Hey all,
I just hopped on the Lemmy train, and needless to say, I’m hooked. It’s a breath of fresh air compared to the corporate hellhole that Reddit has become, and I’d like to at least pay a little bit for it.
Unfortunately, I’m a broke uni student with enough subscriptions as is, so I can really only justify a buck or two a month. This is where my indecision arises - should I donate to the instance that my account lives on, or to the LemmyNet project itself? I’ve been digging around, looking at operating costs and such, and I can’t figure out which one needs it more (for want of a better term.)
So, what are your thoughts? Or am I just wildly overthinking this?
Opinion based on nothing but how I perceive the fediverse to work and some commentary from Jerry Bell who runs infosec.exchange on Mastodon - support your instance provider.

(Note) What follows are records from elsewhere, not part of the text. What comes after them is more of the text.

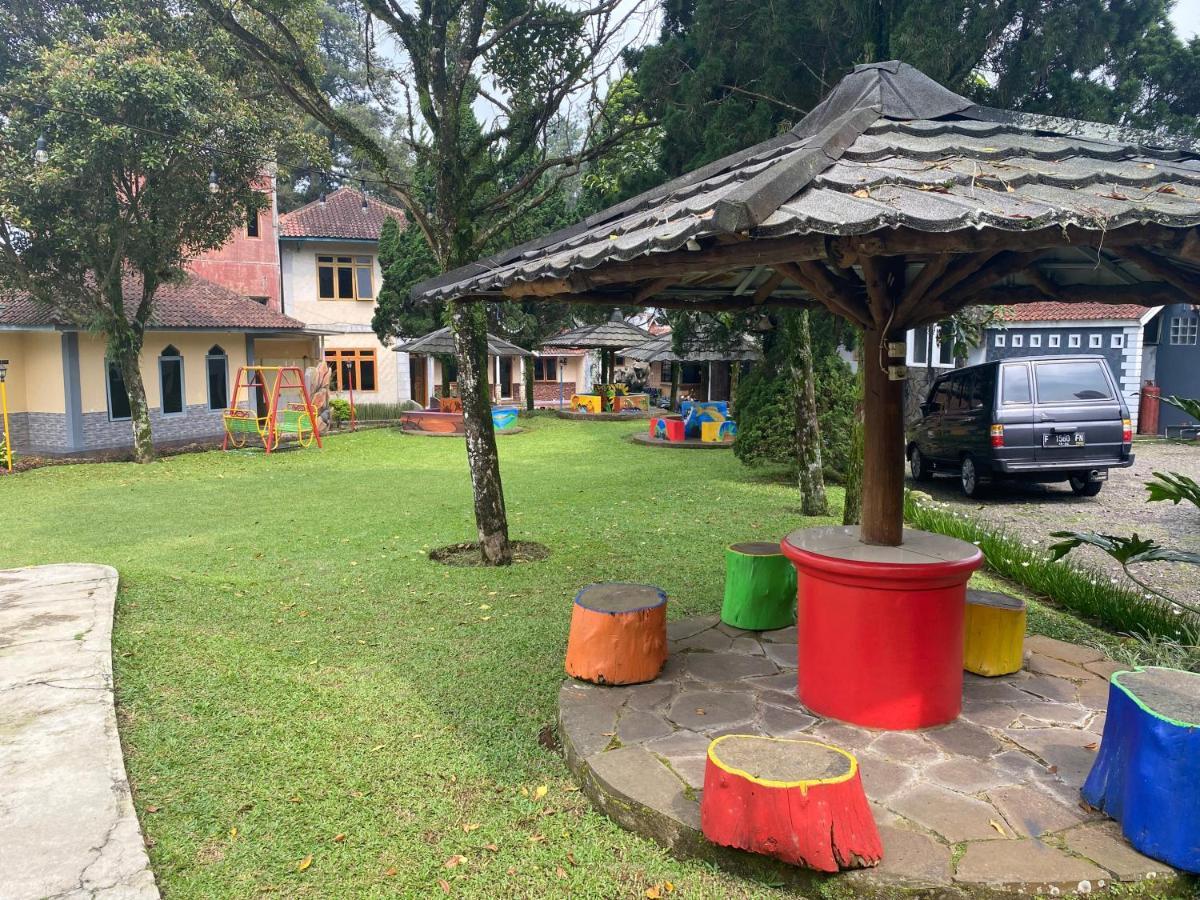 Hotel Puspa Sari Ciater Buitenkant foto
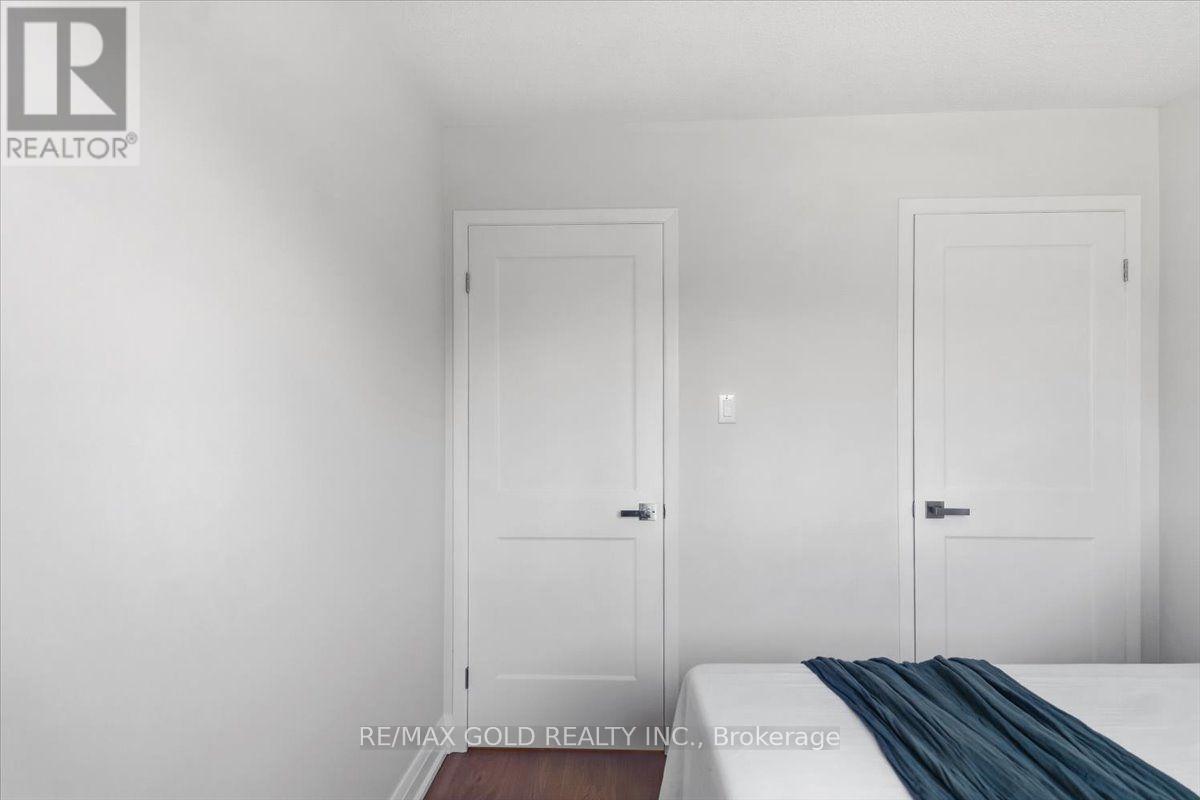 29 Tralee Street, Brampton, Ontario  L6Z 2Z6 - Photo 18 - W13569298
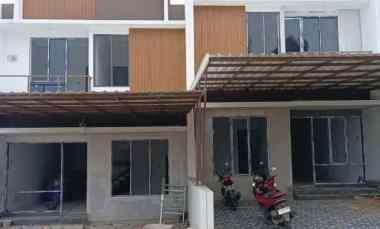 Rumah Dijual di Ciangsana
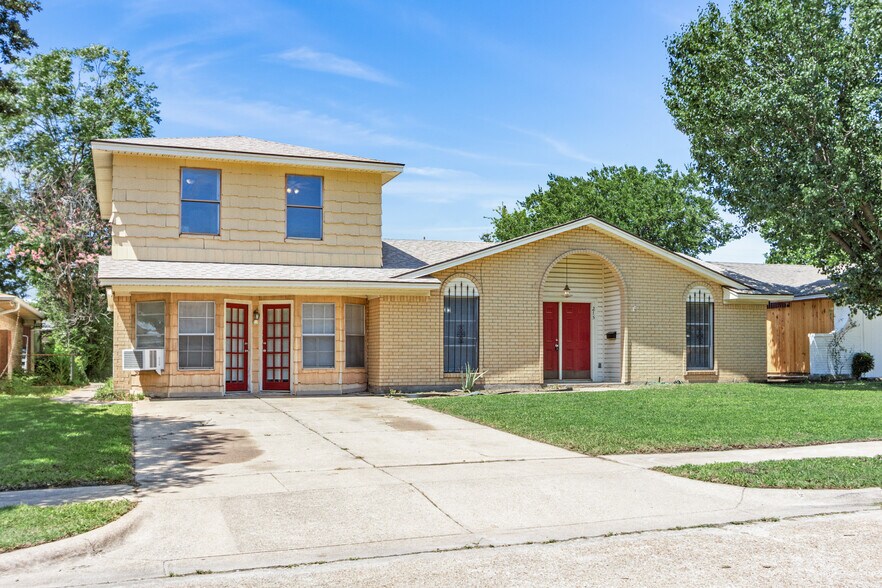 More Photos Of 215 Jasanda Way, Mesquite Specialty For Sale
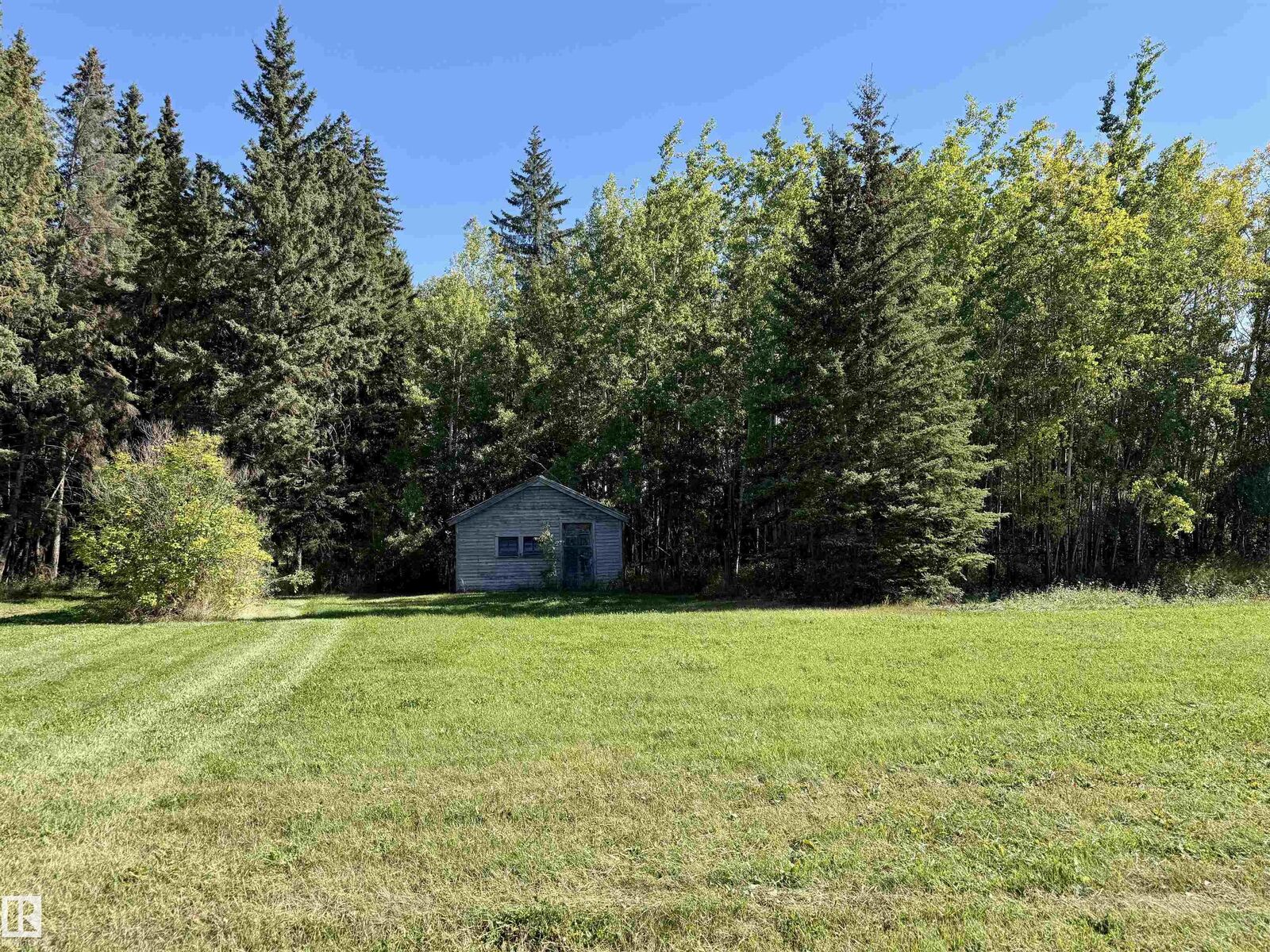 Property Photo:  60110 RR 140  AB T0A 3L0 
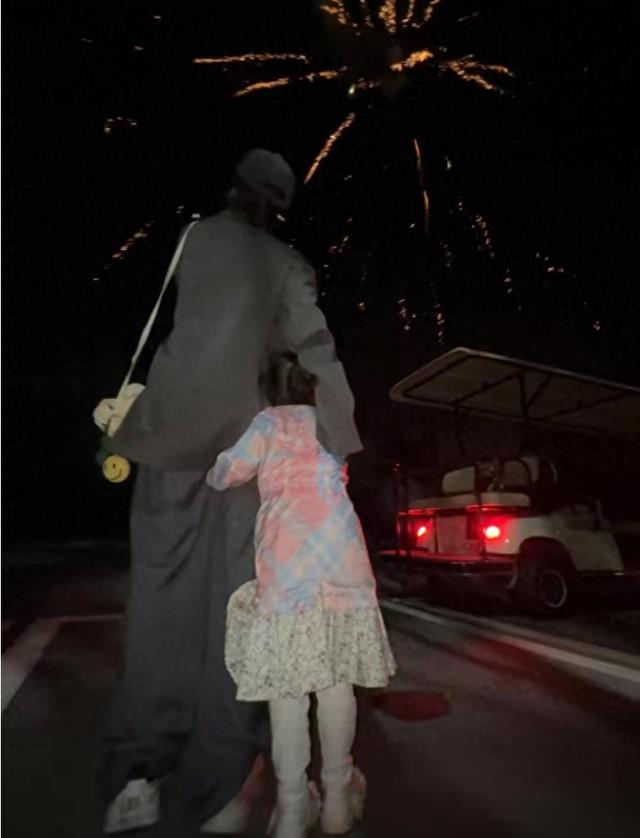 35岁张碧晨罕见晒女儿合照,母女同框看烟花,画面温馨感人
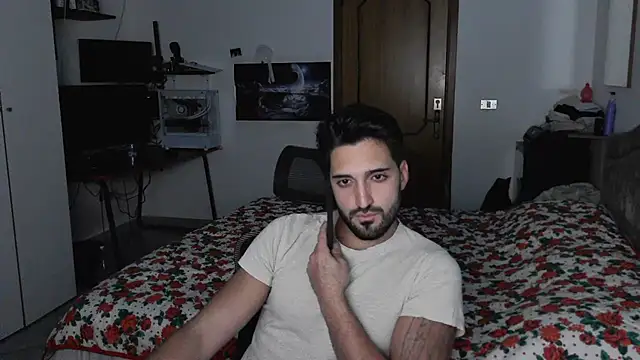 Alexox02 online show from October 2025 05:15:02 PM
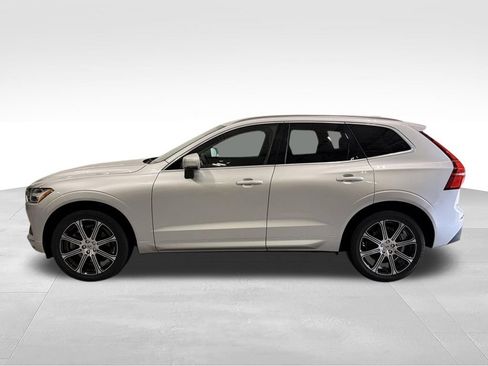 Used 2020 Volvo XC60 T6 Momentum w/ Advanced Package AWD/4WD image 2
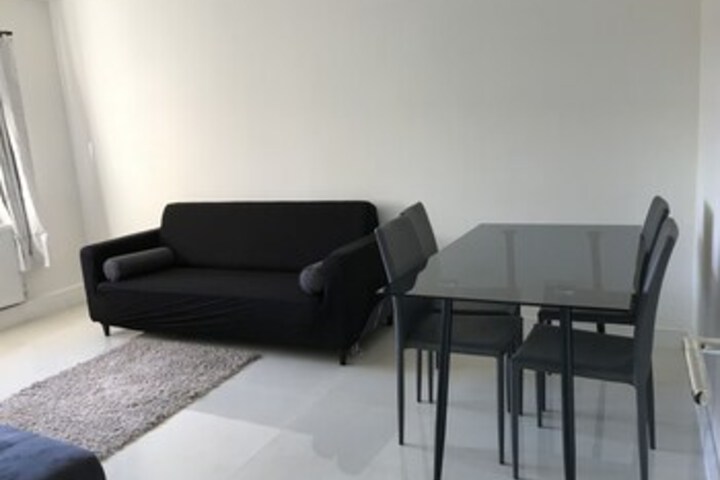 Room 8 of 8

The costs to maintain the infrastructure are borne by the admins of the instances and for the larger ones, things like storage and transport costs are growing exceedingly quickly. Beyond that, your account disappears if your instance dies, at least until the devs contributing to the Lemmy project figure out cross-instance user registration, validation, and migration.
support your local instance!
I think it could be split 25% lemmy, 75% your instance.
Beacuse lemmy could be funded by all users of all instances, but your instance would be only by its users… Although someone could argue it’d be also in the best interest of other instances to fund any instances with interesting communities.In the end is up to you what’s more important.
Maybe one month to one and the next to another?the thing people don’t realize is that prior to reddit/twitter/et al there were thousands of forums, chats and groups operated for free by thier admins. Not that we should never consider helping these instances and I do understand the concern of economics here. It would however be good to understand the economics of these systems is entirely different from that of a for-profit social site. Personally, considering the conflict in goals of a for-profit vs non-profit commons, I will likely be defederating any sever operating for-profit, simply paying the bills on the other hand.
Id suggest looking to the older models, keep instances small, use automation on your instance to create amazing curated feeds matched to the interests of your users. The cost scaling issues usually only begin to kick in past a certain size, cloud hosting is surprisingly cheap and its also a way for people wanting to learn and put exp on the resume easily (always been this way).